WHAT NEEDS TO BE DONE => From the records below, output exactly the lines running from the line containing "2016 TOYOTA WIGO 1.0 G Manual Transmission-1" through the line containing "Remo Stripe Crew", and no others.

INPUT MATERIAL =>
=== Section Start ===

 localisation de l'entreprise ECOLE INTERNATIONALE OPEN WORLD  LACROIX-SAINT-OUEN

=== Section End ===
=== Section Start ===

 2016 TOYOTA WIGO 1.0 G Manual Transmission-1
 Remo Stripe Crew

=== Section End ===

REPLY =>
 2016 TOYOTA WIGO 1.0 G Manual Transmission-1
 Remo Stripe Crew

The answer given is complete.